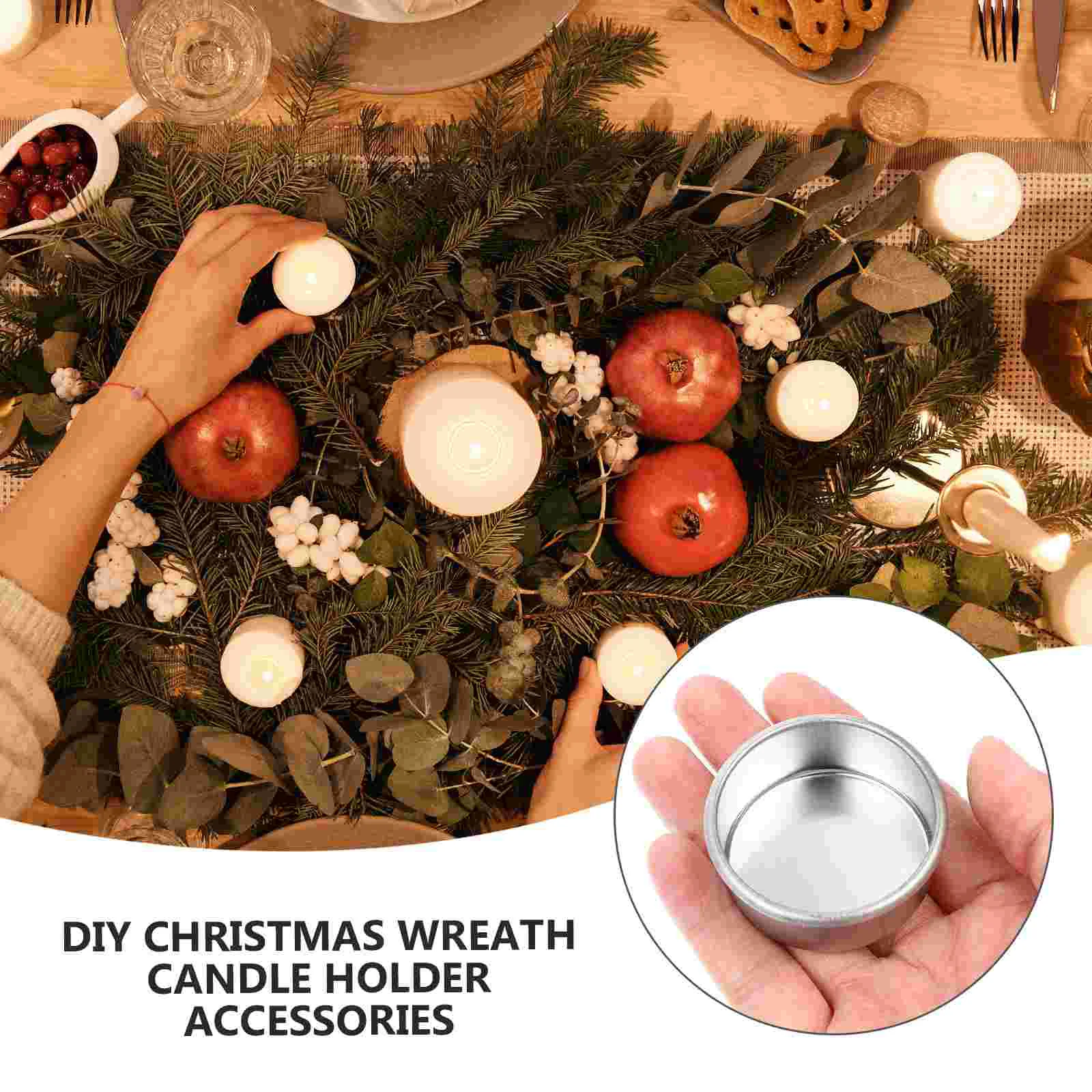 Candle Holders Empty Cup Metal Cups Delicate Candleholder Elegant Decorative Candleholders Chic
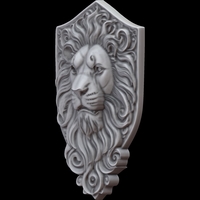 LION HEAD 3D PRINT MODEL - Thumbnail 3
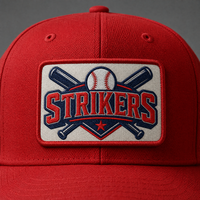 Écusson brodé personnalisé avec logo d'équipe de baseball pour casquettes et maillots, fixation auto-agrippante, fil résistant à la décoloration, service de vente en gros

============

Activity:
Print the lines from the line containing "LION HEAD 3D PRINT MODEL - Thumbnail 3" through the last line of the listing, exactly as they stand, and leave any pictures out.

Output for this exercise:
 LION HEAD 3D PRINT MODEL - Thumbnail 3
 Écusson brodé personnalisé avec logo d'équipe de baseball pour casquettes et maillots, fixation auto-agrippante, fil résistant à la décoloration, service de vente en gros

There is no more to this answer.